Emily Fischer speaks about the way the technology helps her to achieve the scope and detail involved in her various projects.
PSFK recently interviewed Emily Fisher of Haptic Lab to learn more about her inspiration and use of technology in realizing her visions. Haptic Lab is a small design studio in Brooklyn that creates products, spaces and situations to promote embodiment. The word haptic refers to the sense of touch, and everything they design is meant to inspire meaningful connections through the tactile.
Emily, what is your favorite CAD project you have performed to date?
My favorite CAD-driven project was a concept proposal for the reNEWable Times Square competition in 2010.
What was the inspiration for this project?
I wanted to turn Times Square into a giant, fragmented sundial. Times Square sort of functions as the psychic agora of American culture, and I wanted to somehow build a connection to the physical passage of time… a ‘Times Square Henge’ where visitors could measure time with their bodies and cast shadows.
How did using Autodesk software help aid this creative process?
I did most of the local building height and cast shadow analysis in 3DS Max Design, which allowed me to predict the locations of shadows in Times Square throughout the day and year. I built the entire space of Times Square on my computer, modeling the sun angles in a very precise way. I then built 2-dimensional ray diagrams in AutoCAD that became the patterned zones of the proposed installation, indicating time with painted shadow marking lines.
What’s your favorite AutoCAD modeling tool?
I feel like I’m shooting flies with a tank with most CAD tools… but CAD is a great problem-solver, even if I’m only using the tippy-top of the software’s iceberg of capabilities. My favorite tool is the software’s ability to communicate across platforms and programs: import and export.

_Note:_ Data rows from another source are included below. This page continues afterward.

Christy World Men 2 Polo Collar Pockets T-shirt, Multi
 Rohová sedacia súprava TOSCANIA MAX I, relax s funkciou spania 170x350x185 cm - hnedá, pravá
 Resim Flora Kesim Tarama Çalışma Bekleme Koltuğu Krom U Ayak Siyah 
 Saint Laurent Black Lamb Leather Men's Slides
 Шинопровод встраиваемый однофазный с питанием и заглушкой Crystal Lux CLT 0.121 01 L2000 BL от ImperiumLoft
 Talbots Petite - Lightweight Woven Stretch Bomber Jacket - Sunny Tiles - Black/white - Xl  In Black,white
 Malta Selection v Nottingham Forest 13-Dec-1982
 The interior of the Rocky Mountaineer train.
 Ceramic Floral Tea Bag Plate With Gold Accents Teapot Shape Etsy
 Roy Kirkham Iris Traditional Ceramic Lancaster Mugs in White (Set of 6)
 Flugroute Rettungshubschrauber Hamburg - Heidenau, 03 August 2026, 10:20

If I can’t negotiate a difficult design task in one program, AutoCAD can undoubtedly do it.
Can you give us an example of how these features have helped you in your creative process?
The great thing about AutoCAD is that it allows you to comfortably shift between 3D and 2D applications very easily: it’s a translator. I can start a model or drawing in any number of programs, then shift back to AutoCAD to clean up and finalize a drawing or model using the application’s high degree of specificity. AutoCAD has been essential to the development of the quilted maps I make, which are translated to a somewhat primitive computer-guided sewing machine but designed down to the 1/10,000 of an inch.